What you have to do » Please copy exactly the part of the records below that opens with the line containing "the way there." and closes with the line containing "How to draw", leaving out any pictures.

(Beginning of Excerpted data)

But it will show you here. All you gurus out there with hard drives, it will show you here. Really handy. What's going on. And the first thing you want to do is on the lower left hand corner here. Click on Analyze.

(End of Excerpted data)
(Beginning of Excerpted data)

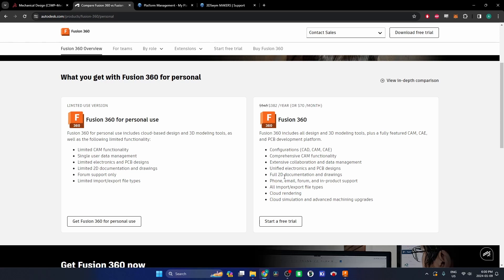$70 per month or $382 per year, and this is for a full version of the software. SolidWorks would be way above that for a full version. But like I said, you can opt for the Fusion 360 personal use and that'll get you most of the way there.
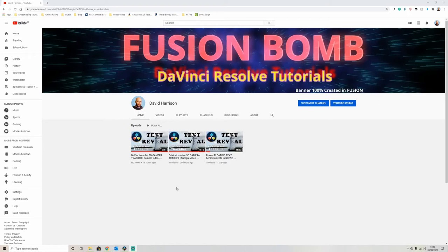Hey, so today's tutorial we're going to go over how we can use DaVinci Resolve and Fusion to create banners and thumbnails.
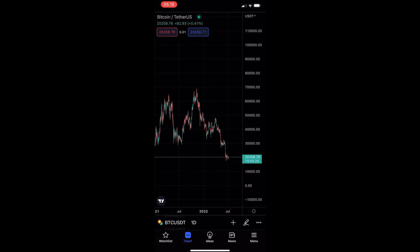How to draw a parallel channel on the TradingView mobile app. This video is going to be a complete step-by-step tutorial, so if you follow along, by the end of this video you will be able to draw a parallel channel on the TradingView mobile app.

(End of Excerpted data)

Exercise answer »
$70 per month or $382 per year, and this is for a full version of the software. SolidWorks would be way above that for a full version. But like I said, you can opt for the Fusion 360 personal use and that'll get you most of the way there.
Hey, so today's tutorial we're going to go over how we can use DaVinci Resolve and Fusion to create banners and thumbnails.
How to draw a parallel channel on the TradingView mobile app. This video is going to be a complete step-by-step tutorial, so if you follow along, by the end of this video you will be able to draw a parallel channel on the TradingView mobile app.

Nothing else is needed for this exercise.